3. El evangelio de hoy nos impulsa a ir más allá, a seguir ahondando. Tocamos la verdad más radical cuando nos abrimos a Dios, nos recibimos agradecidamente de Él, reconocemos a Jesucristo como la manifestación suprema de su amor («tanto amó Dios al mundo que le entregó su Hijo único para que no perezca ninguno de los que creen en Él, sino que tengan vida eterna»), apoyamos nuestro ser en Jesucristo viviendo de Él y para Él. Desde esa comunión se podrá afianzar y potenciar en nosotros esa nueva trascendencia a que nos invitaban los humanistas. Basta contemplar a los santos que se han desvivido por los demás de modo asombroso. Como nos ha dicho la carta a los Efesios; los que han aprendido a Cristo se han renovado “en la mente y en el espíritu” y se han vestido “de la nueva condición humana, creada a imagen de Dios: justicia y santidad verdaderas”. A este más es a lo que nos quiere conducir Jesús en su discurso del Pan de vida.
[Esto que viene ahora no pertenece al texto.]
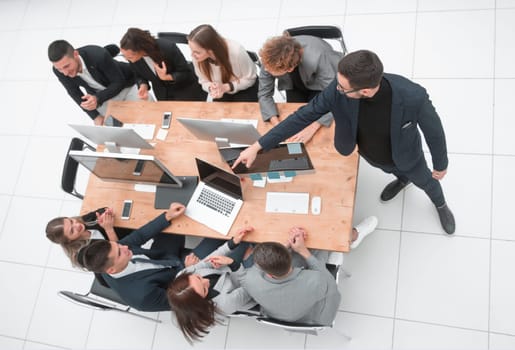 top view. business team discussing at a working meeting. business concept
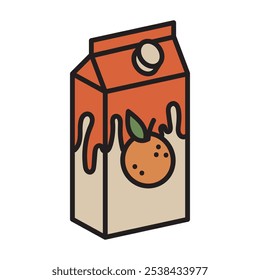 Juice Pack Doodle Illustration - Orange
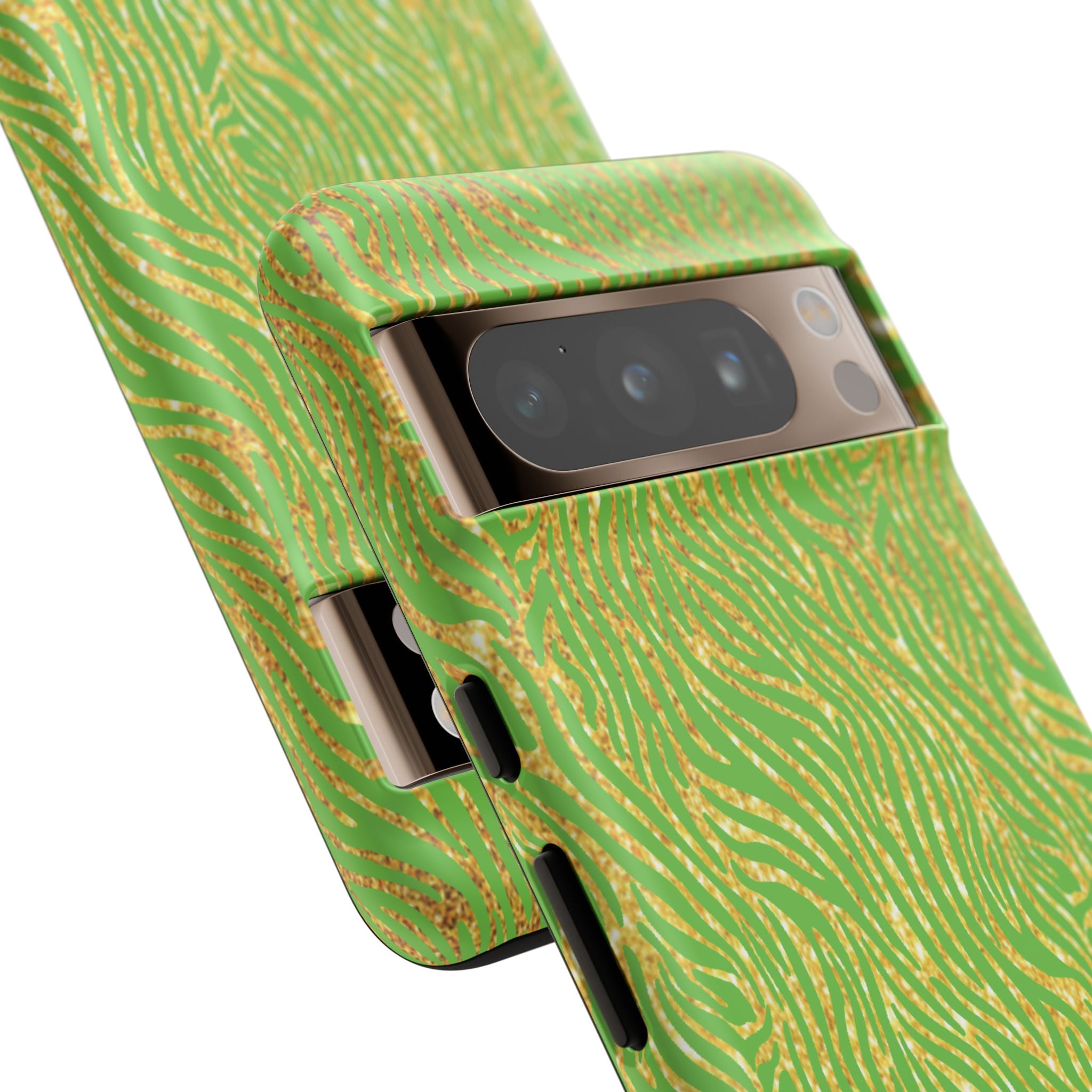 Neon Green Gold Zebra Tough Phone Case for iPhone, Galaxy, or Google Pixel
El signo espléndido que había realizado pretendía alzar a sus oyentes a ­ese nivel nuevo. Jesús les hacía con ese signo una revelación acerca de su persona: Él el Pan de vida; y el paso que se espera de nosotros es acer­carnos a Él como ese Pan que responde a nuestra necesidad y exigencia más esencial. Es que Jesús es un ali­mento que no engaña. Es el pan supersustancial que Dios nos da. La comunión con Él, que es el don que nos hace el Padre, da a nuestra vida su sentido y valor definitivos y nos capacita para toda obra buena. Ojalá se pueda cumplir en nosotros lo que decía el salmista: “contemplad su rostro y quedaréis radiantes”.